Graduation_Project/LYZ/model.py

import torch
import torch.nn as nn
import torch.nn.functional as F


class PLA_Attention_Model(nn.Module):
    def __init__(self, byte_hidden_size, packet_hidden_size, packet_output_size, max_packet=1500, max_flow=128):
        super().__init__()
        self.byte_emb_size = 50
        self.byte_hidden_size = byte_hidden_size  # 100
        self.packet_emb_size = 50
        self.packet_hidden_size = packet_hidden_size  # 100
        self.packet_output_size = packet_output_size  # 50
        self.max_packet = max_packet
        self.max_flow = max_flow

        self.embedding = nn.Embedding(256 * 256, self.byte_emb_size)
        self.byte_GRU = nn.GRU(self.byte_emb_size, self.byte_hidden_size, bias=False, bidirectional=True)
        self.byte_attn = nn.Linear(self.byte_hidden_size * 2, self.packet_emb_size)
        self.packet_GRU = nn.GRU(self.packet_emb_size, self.packet_hidden_size, bias=False, bidirectional=True)
        self.packet_attn = nn.Linear(self.packet_hidden_size * 2, self.packet_output_size)
        self.classify = nn.Linear(self.packet_output_size, 11)

    # lstm_output : [batch_size, n_step, self.byte_hidden_size * num_directions(=2)], F matrix
    def attention_net(self, lstm_output, final_state):
        # print("lstm_output: ", lstm_output.shape)
        # print("final_state: ", final_state.shape)
        # hidden : [batch_size, self.byte_hidden_size * num_directions(=2), 1(=n_layer)]
        hidden = final_state.view(-1, self.byte_hidden_size * 2, 1)  # Tensor维度的重构，-1表示该维度取决于其他维度
        # attn_weights : [batch_size, n_step]
        attn_weights = torch.bmm(lstm_output, hidden).squeeze(2)  # 加权求和，第三维降维
        soft_attn_weights = F.softmax(attn_weights, 1)
        # [batch_size, self.byte_hidden_size * num_directions(=2), n_step] * [batch_size, n_step, 1]
        # = [batch_size, self.byte_hidden_size * num_directions(=2), 1]
        context = torch.bmm(lstm_output.transpose(1, 2), soft_attn_weights.unsqueeze(2)).squeeze(2)
        return context, soft_attn_weights  # context : [batch_size, self.byte_hidden_size * num_directions(=2)]

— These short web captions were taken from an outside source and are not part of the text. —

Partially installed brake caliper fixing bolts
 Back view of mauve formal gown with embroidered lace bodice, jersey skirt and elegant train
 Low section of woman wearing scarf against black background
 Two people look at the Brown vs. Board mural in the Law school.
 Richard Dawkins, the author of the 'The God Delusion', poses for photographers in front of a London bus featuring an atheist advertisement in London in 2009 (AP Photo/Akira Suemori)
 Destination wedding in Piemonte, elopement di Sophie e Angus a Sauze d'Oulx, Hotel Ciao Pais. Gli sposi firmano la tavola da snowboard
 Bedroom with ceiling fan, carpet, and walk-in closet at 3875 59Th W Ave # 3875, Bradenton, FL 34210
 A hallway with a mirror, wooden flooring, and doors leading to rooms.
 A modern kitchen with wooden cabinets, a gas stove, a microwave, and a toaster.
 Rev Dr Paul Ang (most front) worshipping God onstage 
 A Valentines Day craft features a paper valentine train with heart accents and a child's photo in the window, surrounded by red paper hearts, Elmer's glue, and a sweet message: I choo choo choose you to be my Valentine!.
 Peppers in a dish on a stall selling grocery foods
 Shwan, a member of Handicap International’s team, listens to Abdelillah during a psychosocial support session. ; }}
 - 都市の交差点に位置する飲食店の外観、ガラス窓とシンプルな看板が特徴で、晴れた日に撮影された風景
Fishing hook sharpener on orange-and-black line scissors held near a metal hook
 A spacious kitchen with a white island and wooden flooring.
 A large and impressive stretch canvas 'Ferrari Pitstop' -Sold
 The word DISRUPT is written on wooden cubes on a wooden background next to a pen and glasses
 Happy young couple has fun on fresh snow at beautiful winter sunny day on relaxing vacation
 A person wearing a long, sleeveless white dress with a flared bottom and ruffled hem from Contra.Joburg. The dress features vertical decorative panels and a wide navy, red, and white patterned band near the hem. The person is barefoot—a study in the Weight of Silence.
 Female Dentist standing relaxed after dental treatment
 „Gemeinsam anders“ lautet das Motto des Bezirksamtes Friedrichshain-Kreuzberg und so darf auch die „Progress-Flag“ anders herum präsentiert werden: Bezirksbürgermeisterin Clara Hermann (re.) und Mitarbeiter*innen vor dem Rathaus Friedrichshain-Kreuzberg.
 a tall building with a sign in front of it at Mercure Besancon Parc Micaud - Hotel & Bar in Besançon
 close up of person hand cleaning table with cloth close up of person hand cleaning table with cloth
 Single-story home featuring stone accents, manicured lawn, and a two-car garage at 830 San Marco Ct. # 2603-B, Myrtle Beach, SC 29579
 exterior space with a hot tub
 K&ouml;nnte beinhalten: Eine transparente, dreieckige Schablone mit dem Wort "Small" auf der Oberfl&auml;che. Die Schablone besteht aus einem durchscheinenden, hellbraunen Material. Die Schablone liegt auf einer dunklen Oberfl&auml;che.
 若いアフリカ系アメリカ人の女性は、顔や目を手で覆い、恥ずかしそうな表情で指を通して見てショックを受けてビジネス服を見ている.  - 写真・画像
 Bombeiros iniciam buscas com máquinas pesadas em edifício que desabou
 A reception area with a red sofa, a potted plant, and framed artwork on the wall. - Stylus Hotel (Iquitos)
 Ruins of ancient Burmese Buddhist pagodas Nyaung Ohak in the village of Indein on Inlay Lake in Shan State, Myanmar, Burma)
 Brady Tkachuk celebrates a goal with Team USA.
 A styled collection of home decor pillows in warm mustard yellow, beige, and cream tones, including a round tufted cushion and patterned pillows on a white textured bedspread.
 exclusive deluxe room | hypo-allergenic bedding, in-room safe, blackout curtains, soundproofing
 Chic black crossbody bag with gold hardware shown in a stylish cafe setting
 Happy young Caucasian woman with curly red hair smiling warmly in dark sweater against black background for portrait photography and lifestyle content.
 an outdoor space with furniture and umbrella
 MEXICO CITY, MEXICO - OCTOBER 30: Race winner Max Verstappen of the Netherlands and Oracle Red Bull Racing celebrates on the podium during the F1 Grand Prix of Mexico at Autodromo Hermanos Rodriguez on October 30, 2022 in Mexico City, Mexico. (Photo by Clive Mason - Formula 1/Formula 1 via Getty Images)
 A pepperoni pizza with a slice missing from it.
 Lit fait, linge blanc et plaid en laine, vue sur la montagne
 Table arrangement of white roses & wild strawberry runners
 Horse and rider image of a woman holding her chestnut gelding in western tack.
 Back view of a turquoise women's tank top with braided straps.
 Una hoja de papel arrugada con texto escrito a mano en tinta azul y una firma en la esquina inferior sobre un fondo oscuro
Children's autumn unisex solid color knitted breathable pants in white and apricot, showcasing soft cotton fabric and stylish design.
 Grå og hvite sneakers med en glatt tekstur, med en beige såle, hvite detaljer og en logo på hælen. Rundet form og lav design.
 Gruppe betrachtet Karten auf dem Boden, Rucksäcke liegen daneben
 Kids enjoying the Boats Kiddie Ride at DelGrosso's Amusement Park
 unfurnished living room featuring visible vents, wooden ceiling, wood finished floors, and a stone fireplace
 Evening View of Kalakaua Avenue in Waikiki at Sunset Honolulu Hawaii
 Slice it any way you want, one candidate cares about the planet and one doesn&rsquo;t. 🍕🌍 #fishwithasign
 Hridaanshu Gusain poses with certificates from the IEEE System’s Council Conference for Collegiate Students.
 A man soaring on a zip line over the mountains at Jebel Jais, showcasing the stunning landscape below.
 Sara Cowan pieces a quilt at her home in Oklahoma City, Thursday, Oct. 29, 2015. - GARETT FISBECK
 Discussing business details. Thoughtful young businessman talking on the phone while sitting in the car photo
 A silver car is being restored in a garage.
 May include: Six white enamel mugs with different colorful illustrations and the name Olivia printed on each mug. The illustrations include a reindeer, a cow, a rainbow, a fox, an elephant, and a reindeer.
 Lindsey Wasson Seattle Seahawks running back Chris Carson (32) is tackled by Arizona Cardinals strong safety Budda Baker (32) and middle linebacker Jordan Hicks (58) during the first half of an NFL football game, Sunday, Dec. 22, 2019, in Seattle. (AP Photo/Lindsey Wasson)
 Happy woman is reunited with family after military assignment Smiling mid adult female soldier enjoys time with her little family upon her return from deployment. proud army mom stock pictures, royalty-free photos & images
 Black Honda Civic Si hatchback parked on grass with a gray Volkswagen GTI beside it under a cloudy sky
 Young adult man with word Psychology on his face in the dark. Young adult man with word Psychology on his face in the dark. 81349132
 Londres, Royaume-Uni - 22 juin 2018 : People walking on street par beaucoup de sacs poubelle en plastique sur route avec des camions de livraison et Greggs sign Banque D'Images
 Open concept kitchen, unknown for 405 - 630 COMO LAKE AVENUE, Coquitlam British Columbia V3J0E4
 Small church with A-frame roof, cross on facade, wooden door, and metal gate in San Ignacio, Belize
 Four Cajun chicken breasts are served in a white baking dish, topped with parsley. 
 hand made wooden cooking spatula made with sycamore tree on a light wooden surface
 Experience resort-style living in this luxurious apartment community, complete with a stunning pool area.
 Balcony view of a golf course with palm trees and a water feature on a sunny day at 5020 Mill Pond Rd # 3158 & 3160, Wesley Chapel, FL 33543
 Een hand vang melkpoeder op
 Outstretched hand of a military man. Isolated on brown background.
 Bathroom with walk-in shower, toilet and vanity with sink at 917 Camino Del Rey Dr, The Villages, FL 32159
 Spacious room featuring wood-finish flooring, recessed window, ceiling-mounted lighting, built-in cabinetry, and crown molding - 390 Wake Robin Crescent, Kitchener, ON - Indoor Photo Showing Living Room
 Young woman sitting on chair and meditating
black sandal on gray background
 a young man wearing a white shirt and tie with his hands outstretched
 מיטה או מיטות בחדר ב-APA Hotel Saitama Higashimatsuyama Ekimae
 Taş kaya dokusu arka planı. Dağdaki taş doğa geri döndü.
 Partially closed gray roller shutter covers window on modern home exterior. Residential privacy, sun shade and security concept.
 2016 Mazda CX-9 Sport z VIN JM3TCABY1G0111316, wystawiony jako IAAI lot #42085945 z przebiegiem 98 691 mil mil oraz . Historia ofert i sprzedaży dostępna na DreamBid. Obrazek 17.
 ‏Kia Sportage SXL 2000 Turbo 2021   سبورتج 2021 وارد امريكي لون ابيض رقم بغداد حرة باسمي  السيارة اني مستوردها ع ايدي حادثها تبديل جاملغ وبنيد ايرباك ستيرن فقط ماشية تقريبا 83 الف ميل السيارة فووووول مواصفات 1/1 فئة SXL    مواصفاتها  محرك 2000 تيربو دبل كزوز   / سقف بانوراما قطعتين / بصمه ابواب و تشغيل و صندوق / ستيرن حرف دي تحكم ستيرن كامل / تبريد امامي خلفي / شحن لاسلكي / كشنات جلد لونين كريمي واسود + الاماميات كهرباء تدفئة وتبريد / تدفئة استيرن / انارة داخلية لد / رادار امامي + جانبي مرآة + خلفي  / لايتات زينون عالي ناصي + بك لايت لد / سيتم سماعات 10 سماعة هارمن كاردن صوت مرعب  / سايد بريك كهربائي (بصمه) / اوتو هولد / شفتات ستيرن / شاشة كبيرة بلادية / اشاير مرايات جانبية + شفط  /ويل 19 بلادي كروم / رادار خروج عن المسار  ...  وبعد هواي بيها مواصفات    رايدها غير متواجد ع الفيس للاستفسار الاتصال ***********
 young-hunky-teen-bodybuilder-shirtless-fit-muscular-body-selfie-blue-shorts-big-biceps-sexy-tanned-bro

    def forward(self, flow):
        num_packet = flow.shape[0]
        batch_size = flow.shape[1]
        embedded_bytes_list = self.embedding(flow)
        encoding_bytes_list = torch.zeros((num_packet, batch_size, self.packet_emb_size))#.cuda()  # [4, 3, 120, 50]
        for i, embedded_bytes in enumerate(embedded_bytes_list):  # [3, 120, 50]
            h0_bytes = torch.randn(2, batch_size, self.byte_hidden_size)#.cuda()  # [2,3,100]
            embedded_bytes = embedded_bytes.transpose(0, 1)  # 交换 dim_0 和 dim_1 : [120, 3, 50]
            # print(embedded_bytes.shape, h0_bytes.shape)
            output, final_hidden_state = self.byte_GRU(embedded_bytes, h0_bytes)  # [120, 3, 200], [2, 3, 100]
            output = output.permute(1, 0, 2)  # [3, 120, 200]
            # print(output.shape)
            # print("final: ", final_hidden_state.shape)
            attn_output, attention = self.attention_net(output, final_hidden_state)  # [3, 200]
            # print("attn_output", attn_output.shape)
            encoding_bytes_list[i] = self.byte_attn(attn_output)  # [4, 3, 50] 最后一维维持不变

        # print("2: ", encoding_bytes_list.shape)  # [4, 3, 50]
        h0_packet = torch.randn(2, batch_size, self.packet_hidden_size)#.cuda()  # [2,3,100]
        # print(h0_packet.shape)
        output, final_hidden_state = self.packet_GRU(encoding_bytes_list, h0_packet)
        # print("final_hidden_state: ", final_hidden_state.shape)  # [2, 3, 100]
        output = output.permute(1, 0, 2)  # 维度排列转置  [3, 4, 200]
        attn_output, attention = self.attention_net(output, final_hidden_state)  # [3, 200]
        print("attn_output2: ", attn_output.shape)
        output = self.packet_attn(attn_output)
        classify = self.classify(output)

        return classify


if __name__ == '__main__':
    batch_size = 3
    model = PLA_Attention_Model(100, 100, 50)#.cuda()
    print(model)
    data = torch.randint(255, size=(4, batch_size, 120))#.cuda()  # flow_len, batch_size, packet_len
    print(data.shape)
    res = model(data)
    print(res.shape)